HOUSE-HUNTERS have been left stunned after spotting the state of a £300,000 property that has been put on the market.
The three-bedroom property in Orpington, south-east London was described by agents selling the property as just “requiring modernisation” – despite the house looking completely trashed.
Images of the semi-detached house show a crumbling exterior with boarded up windows and rubbish scattered across the front drive.
Inside the kitchen appears to have been completely ransacked with cupboard doors missing, electrics ripped from the walls, and the entire worktops and flooring covered in rubble and rubbish.

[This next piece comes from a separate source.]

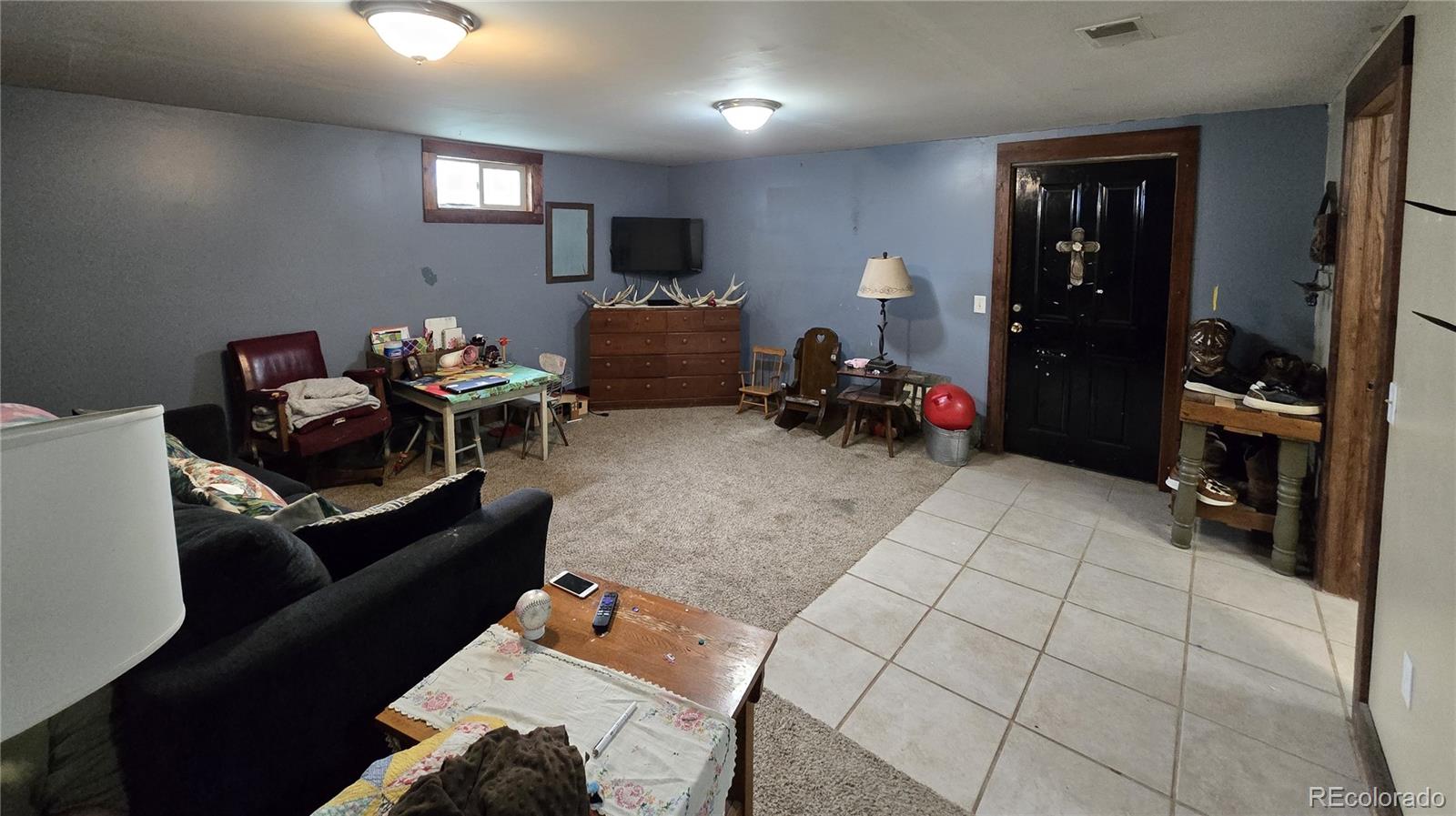 MLS Image #21 for 61998  county road 4.5 ,holyoke, Colorado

A mattress lays in the midst of chaos in the desecrated living room where holes have been ripped through the walls.
Dust, paper, rubble and glass from the smashed windows lay across the dirty floors.
The bedrooms upstairs have holes in the floorboards which have been ripped up and brackets across the windows.
The cistern of the toilet has also been destroyed and it appears the glass at the front of the shower has been smashed.
And the overgrown garden area is in well need of some TLC and a skip to get rid of all the discarded items.
The property was listed for auction last month with an eye-watering guide price of £300,000 but went unsold.
Online browsers took to social media to comment on the high price tag, with many describing the property as a “sh**hole”.
One said: “£300,000 for a house that needs extensive work and is clearly in a rough area? The house next door is also a sh**hole, no one would want to live there.”
Another said: “I appreciate the arrow telling me which one of the two s**t hole properties I’d be buying.”
A third said: “It’s a street with a massive traveller camp at one end. I was looking to buy in the area 20 years ago and got sent down there by estate agents and most of the houses were burnt out.”
Another said: “People must try though the next door looks like it has new windows.”
Auctioneers Barnard Marcus describe the house online as: Freehold two floor semi-detached house requiring modernisation,
“Full vacant possession.”
They added: “Prospective purchasers and bidders attend properties entirely at their own risk.
“Particular care should be taken when accessing cellars, attics, exterior grounds and outbuildings and boundaries.
“All non-conducted inspections of vacant sites should be made in daylight hours only and entry into such sites is entirely at the viewers risk.”